The function of Mnn4p in C. albicans is unknown. Mnn4p in S. cerevisiae appears to act as a regulator of Mnn6p, which shares significant similarities with families of known mannosyltransferases (Jigami and Odani 1999). As mentioned earlier, C. albicans lacks an MNN6 homolog. In C. albicans, deletion of CaMNN4 led to loss of mannosylphosphate incorporation in cell wall mannoproteins (Hobson et al. 2004; Singleton, Masuoka, et al. 2005). Subsequent reintegration of MNN4 at its native locus restored mannosylphosphorylation and susceptibility of the outer region to low acid acetolysis, indicating that the effect of Mnn4p is directly related to mannosylphosphate transferase function. The contribution of the multiple putative paralogs of MNN4 in C. albicans, all of which are expressed (Singleton and Hazen, unpublished results), to N-glycan synthesis, especially mannosylphosphorylation, is unclear. However, none of these appear to compensate for the loss of Mnn4p activity, suggesting their primary function is not mannosylphosphorylation.
Deletion of MNN4 in C. albicans was expected to result in the simple loss of mannosylphosphorylation and tertiary branch formation with retention of normal primary and secondary branch production, and therefore, our standard mild acid acetolysis conditions used on wild-type cells should cause complete digestion of the primary branch produced by the mutants of C. albicans. This expectation was not seen. Strong acid acetolysis conditions were required to release the secondary branches. In contrast, mild acid acetolysis conditions were ineffective at releasing the secondary branches from mannans produced by wild-type and mutant S. cerevisiae cells, suggesting that the presence of ß-1,2-oligomannosyl groups on the tertiary branches somehow causes the acid-stable region to become susceptible to mild acid acetolysis. High acid acetolysis conditions were first used by Lee and Ballou (1965) in 1965 to release secondary branches of the acid-stable regions produced by S. cerevisiae. No other conditions for acetolysis were tested.
The difference in acetolysis susceptibility between the wild-type and mutant C. albicans strains is unlikely due to differences in secondary branch structure. FACE analysis of the secondary branches suggested that essentially all of the secondary branches, with one exception, of the mutant are a subset of the total present in wild-type cells. Secondary branches present in the wild-type cells and not present in the mutant appear to be those which contained phosphate groups. Because there is the potential for comigration of oligomannosides during FACE (Masuoka and Hazen 2006), especially oligomannosides with residue lengths of greater than three, we cannot completely rule out the possibility that there are some unique secondary branches present in the mutant acid-stable region which results in increased resistance to weak acetolysis conditions. Structural analysis of the FACE separated branches is needed to resolve this possibility.
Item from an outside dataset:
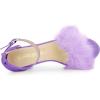imageAllegra K Womens Faux Fur Ankle Strap Block Heels SandalsPurple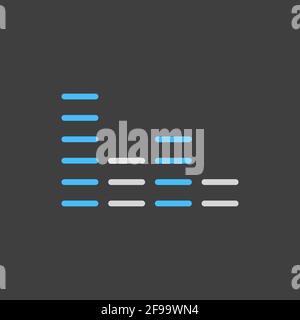 Equalizer, frequency with dashes vector icon on dark background. Audio signal. Music sign. Graph symbol for music and sound web and apps, logo, UI Stock Vector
An explanation for what causes wild-type C. albicans acid-stable regions to be more susceptible than wild-type S. cerevisiae and mnn4 mutant C. albicans acid-stable regions to acetolysis likely involves the contribution of secondary branches that are longer than those present on S. cerevisiae. The difference in the tertiary oligomannosyl group between S. cerevisiae and C. albicans may also be a contributing factor, but the effect of this group must be exerted during synthesis of the outer region because the tertiary branches are released from the extracted mannans prior to acetolysis. The S. cerevisiae results suggest that a high density of short secondary branches (three or less mannose residues) on the primary branch results in an acid-stable region resistant to low acid acetolysis. That is, the primary branch is not readily accessible to acid hydrolysis. The S. cerevisiae results also indicate that the presence or absence of phosphate does not affect acetolysis susceptibility. In the case of C. albicans, the long secondary branches, which may be localized along the primary branch at certain regions due to the tertiary branch positional effects, may force the conformation of the acid-stable region to expose the primary branch -1,6-glycosidic linkages allowing them to be hydrolyzed under low acid acetolysis conditions. Loss of the phosphate along with its oligomannosyl group results in switching to a low-acid resistant conformation. To address this possible mechanism, mutants of C. albicans with defects in secondary branch elongation (e.g., MNN2 knockouts) will be produced and their acid-stable regions assessed for acetolysis susceptibility.
Jigami and Odani (1999) have reported that in S. cerevisiae, the activities of Mnn6p (mannosylphosphate transferase) and Mnn1p are competitive. Whether mannosylphosphorylation and outer region -1,3-mannosylation are also competitive in C. albicans is unknown. Regardless of that possibility, an increased proportion of secondary branches with terminal or subterminal -1,3-mannose units is unlikely responsible for the change in acetolysis susceptibility of the mutant C. albicans strain's acid-stable regions. When expression of CaMNN1 (the putative outer region -1,3-mannosyltransferase gene) at different growth times was compared between the C. albicans mnn4 mutant strains DSH4 and JMH1 and their respective wild-type parent strains LGH1095 and A9, no difference was observed, suggesting loss of MNN4 expression does not trigger a change in expression of MNN1. Preliminary experiments with Galanthus nivalus lectin, which specifically binds to terminal -1,3-mannose, indicated that the mnn4 mutant cells did not demonstrate enhanced mannose--1,3 branch termination. While not definitive, as structural analysis is required, these results do not support the possibility that the mnn4 mutants produce increased levels of -1,3-mannose capped secondary branches.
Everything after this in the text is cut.